ACORDAM NA FORMAÇÃO DE APRECIAÇÃO PRELIMINAR DA SECÇÃO DO CONTENCIOSO ADMINISTRATIVO DO SUPREMO TRIBUNAL ADMINISTRATIVO:
1. B..., S.A. intentou, no TAF, contra o MUNICÍPIO DE MOGADOURO, acção administrativa comum, onde pediu a condenação deste a pagar-lhe a quantia de € 817.947,34 (oitocentos e dezassete mil, novecentos e quarenta e sete euros e trinta e quatro cêntimos), acrescida dos juros de mora vencidos e vincendos contados desde a data da emissão das facturas em dívida até efectivo e integral pagamento.
Foi proferida sentença que, julgando a acção improcedente, absolveu o R. do pedido.
A A. apelou para o TCA-Norte, o qual, por acórdão de 10/10/2025, negou provimento ao recurso, confirmando a sentença.

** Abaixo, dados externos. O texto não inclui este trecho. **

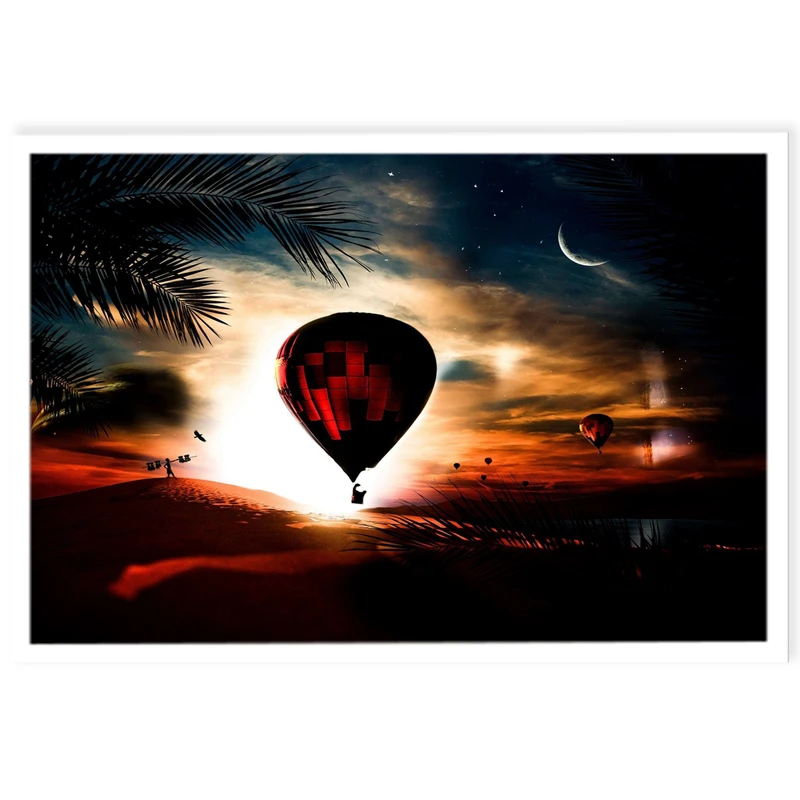 تابلو نوری بکلیت طرح غروب بالن مدل چراغ دار W4522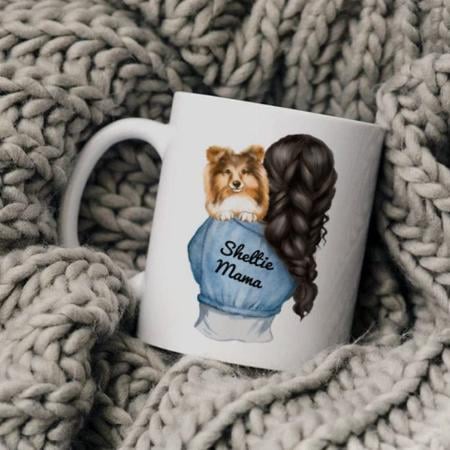 Dog with Girl Design Customized Photo Printed Coffee Mug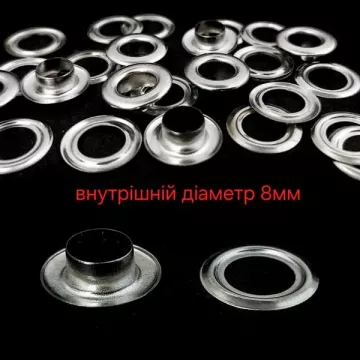 Блочка нікель, 8 мм + кільця-антимагніт,1000 шт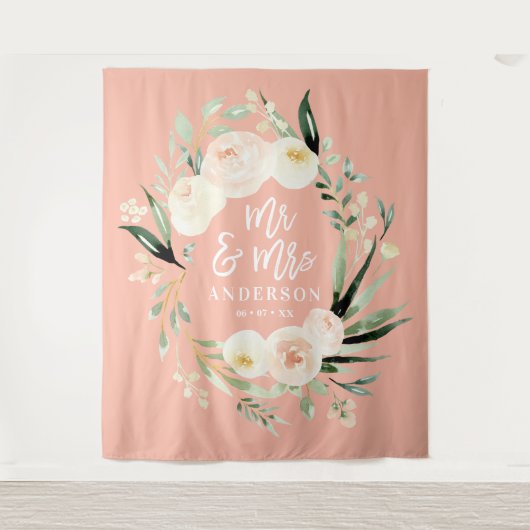 Tenture Pêche + vert M & Mme mariage floral aquarelle (Devant)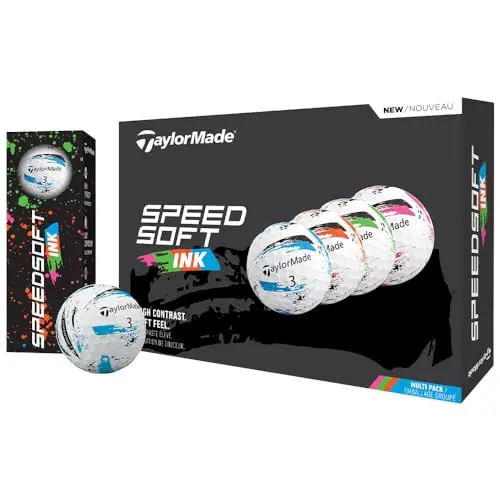 TaylorMade Speed Soft golf balls in bright multi-color pack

É deste acórdão que a A. vem pedir a admissão de recurso de revista.
2. Tem-se em atenção a matéria de facto considerada pelo acórdão recorrido.
3. A sentença, para julgar a acção improcedente, considerou que a A. não alegara, como lhe incumbia, factos essenciais integradores do direito que pretendia fazer valer, “ou seja, os que apontassem para a imputabilidade ao Réu da circunstância de os volumes de água que efectivamente consumiu e os volumes de efluentes que foram efectivamente recolhidos do sistema municipal serem inferiores aos VMG estabelecidos nos designados “contrato de fornecimento entre o Município de Mogadouro e a B..., SA” e o “contrato de recolha de efluentes entre o Município de Mogadouro e a B..., SA”.

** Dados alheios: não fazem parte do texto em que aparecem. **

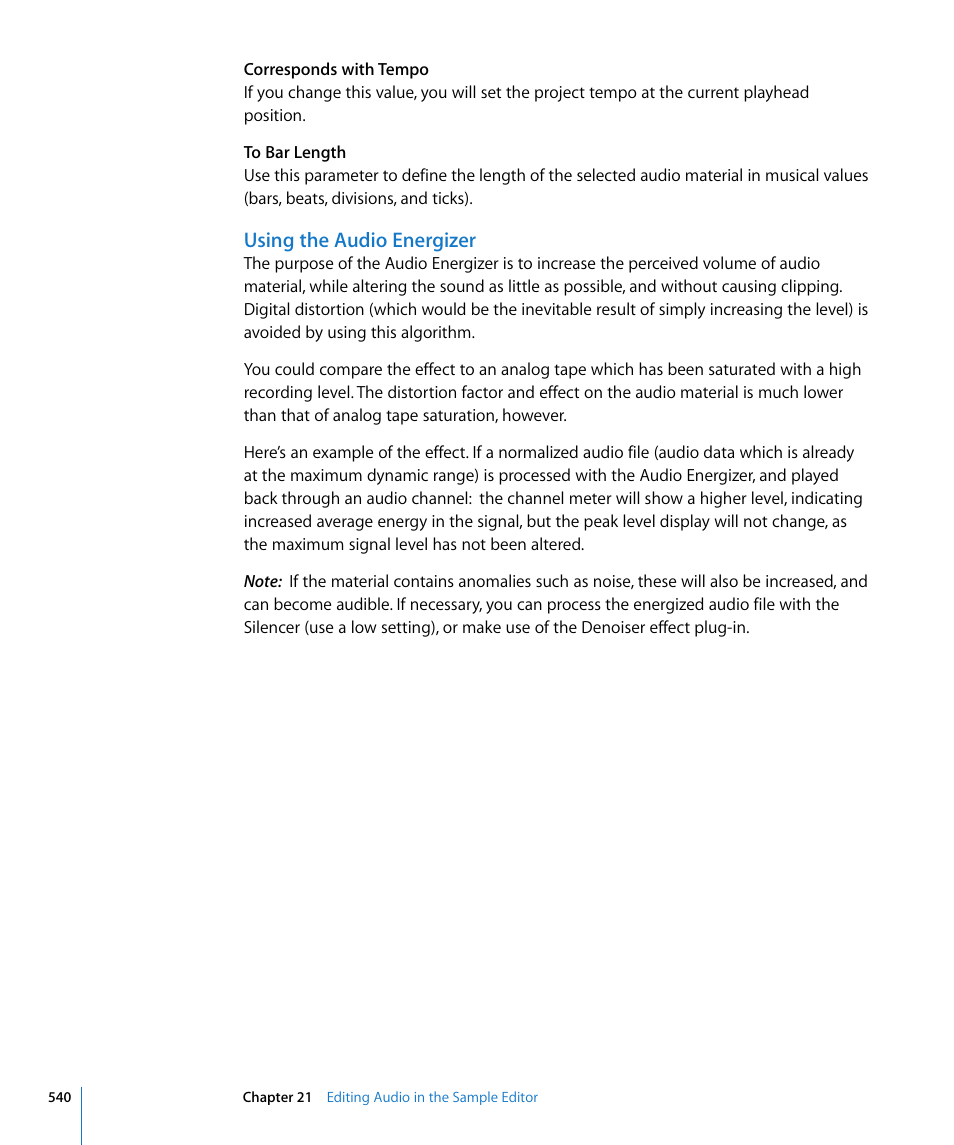 Using the audio energizer | Apple Logic Express 8 User Manual | Page 540 / 1055
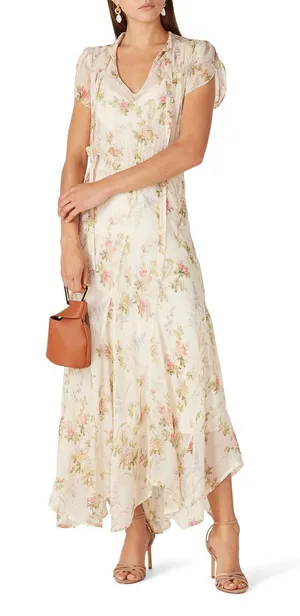 Polo Ralph Lauren Ivory Garden Floral Print Tie Neck Chiffon Maxi Dress Size XS thumbnail 1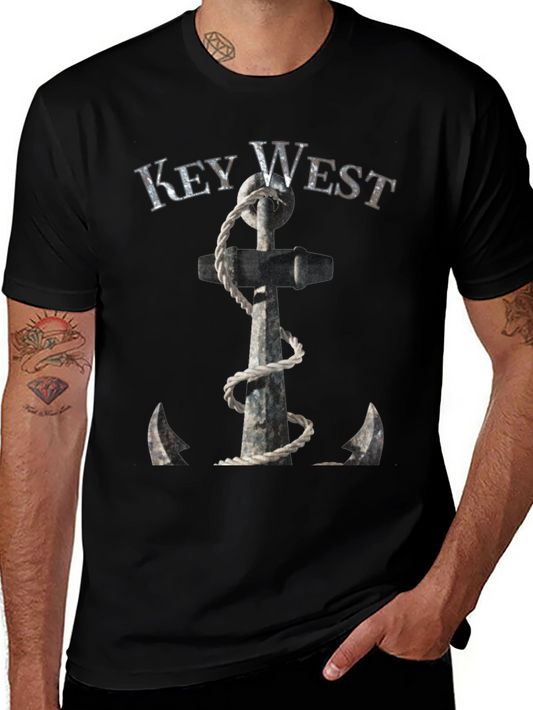 Key West Anchor Graphic Tee - Black Cotton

O acórdão recorrido, para confirmar este entendimento, considerou que o Tribunal “a quo” não estava vinculado a dirigir à A. um convite ao aperfeiçoamento da petição inicial por estar em falta a “alegação de factos essenciais e integradores do direito, em concreto, os relacionados com os motivos pelos quais os valores relativos ao fornecimento e recolha de efluentes foram inferiores aos VMG estabelecidos nos respectivos contratos firmados entre a A. e R. e os relacionados com a imputação ao R. desses motivos”.
A A. justifica a admissão da revista com a relevância jurídica e social da questão da alegação ou não de factos essenciais e das consequências jurídicas a extrair da sua falta, que é matéria que tem sido objecto de jurisprudência contraditória e de vários litígios judiciais, muitos ainda pendentes, bem como com a necessidade de se proceder a uma melhor aplicação do direito, invocando que os motivos da imputabilidade ao R. do não consumo dos valores mínimos garantidos não consubstanciam factos essenciais concretizadores das obrigações que decorrem da relação contratual, mas, ainda que assim se não entendesse, tratando-se de um motivo de ineptidão da petição inicial só poderia ser conhecida até ao despacho saneador (art.º 88.º, n.º 2, do CPTA), imputando ao acórdão recorrido erro de julgamento, a nulidade de excesso de pronúncia e nulidades processuais por não ter havido convite ao aperfeiçoamento da petição e por ter sido proferida uma decisão surpresa.
Em casos idênticos ao que aqui está em discussão, esta formação decidiu pela não admissão das revistas por entender que se estava perante questão puramente processual que não apresentava relevante vocação paradigmática e por não se vislumbrar a existência de erros jurídicos flagrantes (cf., entre outros, os Acs. de 24/10/2024 - Proc. n.º 0267/13.4BEMDL e de 11/9/2025 - Proc. n.º 049/13.3BEMDL).
Porém, recentemente, foi, pela Secção do Contencioso Administrativo deste STA, proferido acórdão que, aparentemente, contraria a posição aqui perfilhada pelas instâncias (cf. Ac. de 12/2/2026 - Proc. n.º 0263/13.1BEMDL).
Assim, terá a revista de ser recebida para aferir dessa eventual dissonância, quebrando-se, deste modo, a regra da excepcionalidade da sua admissão (cf., num caso idêntico, o Ac. desta formação de 26/2/2026 - Proc. n.º 22/15.7BEMDL.SA1).
4. Pelo exposto, acordam em admitir a revista.
Sem custas.
Lisboa, 19 de Março de 2026. - Fonseca da Paz (relator) - Suzana Tavares da Silva - Ana Celeste Carvalho.